In general, short Facebook posts are widely considered best practice.

Where that idea originated from, however, I have no idea. But it’s what many marketers agree on right now. Keep it short and sweet and let images do the talking, right?

Everybody is saying it. Here are a few:

  • In “Optimizing Facebook Engagement” from Social Media Today, a line reads, “Get to the point with short, punchy statements. Try to stay below 100 characters.”
  • This other article says something similar: “We can see that as posts get longer, the engagement rate decreases steadily and in step with the rising number of characters used.”
  • Jeff Bullas, who has some awesome stuff, says in this blog post, “Retail brand Wall Posts less than 80 characters in length receive 66% higher engagement than longer Posts. Very concise Posts – those between one and 40 characters – generate highest engagement. Only 5% of all retail brand Wall Posts are less than 40 characters in length, even though these receive 86% higher fan engagement.”

So, the message is clear: short is better, right?

But wait. Just for the fun of it, about a week ago I made a bunch of long Facebook posts for a page I manage. And this is what happened:

That’s a nice hockey graph.

Engagement was up 227%. Reach was up 226%. Both were records. You see that big hockey stick graph in the image above? It happened because of posts like this with 111 words:

And this with 200 words:

Long, detailed post with picture. A Facebook status that’s really a blog post.

And this with 120 words with a cool picture:

And this with 100 words and no pictures:

Text only posts can also generate a lot of comments and total reach.

So, what does this mean?

Does it mean you can just throw the “short posts are better” strategy completely out the window? Sort of.

I think it’s this: don’t ignore long posts. There are people looking for more than just one-off social posts. With all the other shallow, hollow, social content out there, it can be refreshing to have social content with some real value. And it’s possible to create bigger content that has social sharing potential.

“With all the other shallow, hollow, social content out there, it can be refreshing to have social content with some real value.”

The posts I tested were designed to inform and give helpful facts and information that was relevant to my audience. And that’s the real issue here, not whether it’s long or short, but whether it solves a problem or is relevant to the audience. Long or short, it doesn’t matter, as long as it’s good.

It’s not the length that determines the success of the post, it’s the content. Short posts that have no relevancy achieve the same mediocre results. If it’s good at 200 words, it’s better than something mediocre at 10 words.

It’s the same reason why I like to read the epic “Lord of the Rings” Trilogy but can’t stand the much shorter, and in my opinion, awful book, “Catcher in the Rye.” Lord of the Rings is big, and awesome. Catcher in the Rye is short and boring.

To recap, it comes down to this: if it’s an awesome post, don’t worry about length.

3 Ways to Write Effective, Long Facebook Posts

First of all, don’t just write a long post for the sake of making something long. And remember, long posts may not be right for your audience.

But here’s what you do:

1. Think of it as a super concentrated, short blog post that hits only the highlights.

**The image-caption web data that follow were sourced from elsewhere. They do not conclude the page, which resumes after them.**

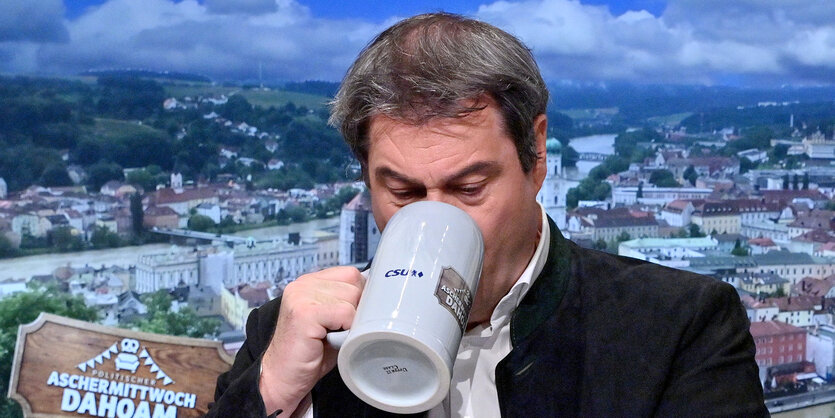 Markus Söder trinkt aus einem Bierkrug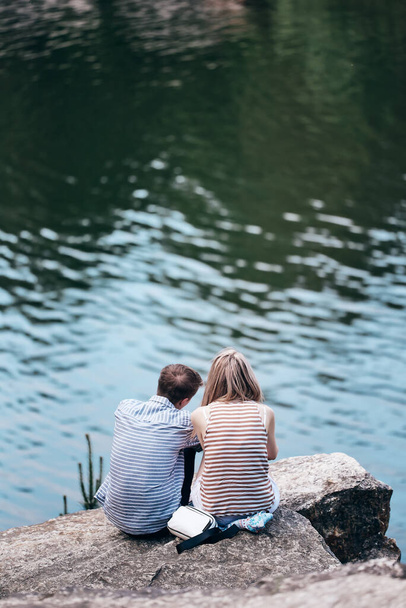 Der Kerl und das Mädchen sitzen auf einer Klippe über dem Fluss und schauen nach vorne. Rückansicht. Liebespaar. vertikales Bild. - Foto, Bild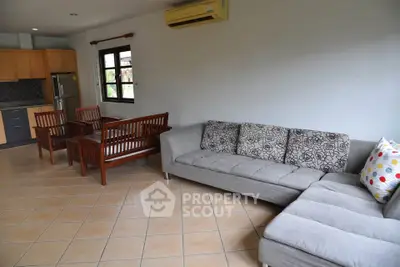 Spacious living room with modern furniture and open kitchen layout, perfect for family gatherings.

2. Include data, bullet points, numbers, stats and other information.

3. Include a picture worthy of sharing all by itself. This will also catch the attention of the really ADD-audience that doesn’t have time to read. Those people will just ignore the text because the picture is worth looking at and sharing (although one of my examples above had no pictures whatsoever and still had a lot of comments and reach).

When Long Facebook Posts Don’t Work

Long Facebook posts don’t work for the same reasons short Facebook posts don’t work: They don’t grab attention and they aren’t relevant. However, I think longer Facebook posts have a greater potential to lose a viewer’s attention quickly — so be careful you don’t ramble on needlessly.

If you want to try longer posts, still cut down on words when you can. Keep it condensed.

Try out some long posts for a couple weeks straight and see if you see any difference. Sometimes it takes something big and better to be worthy of sharing.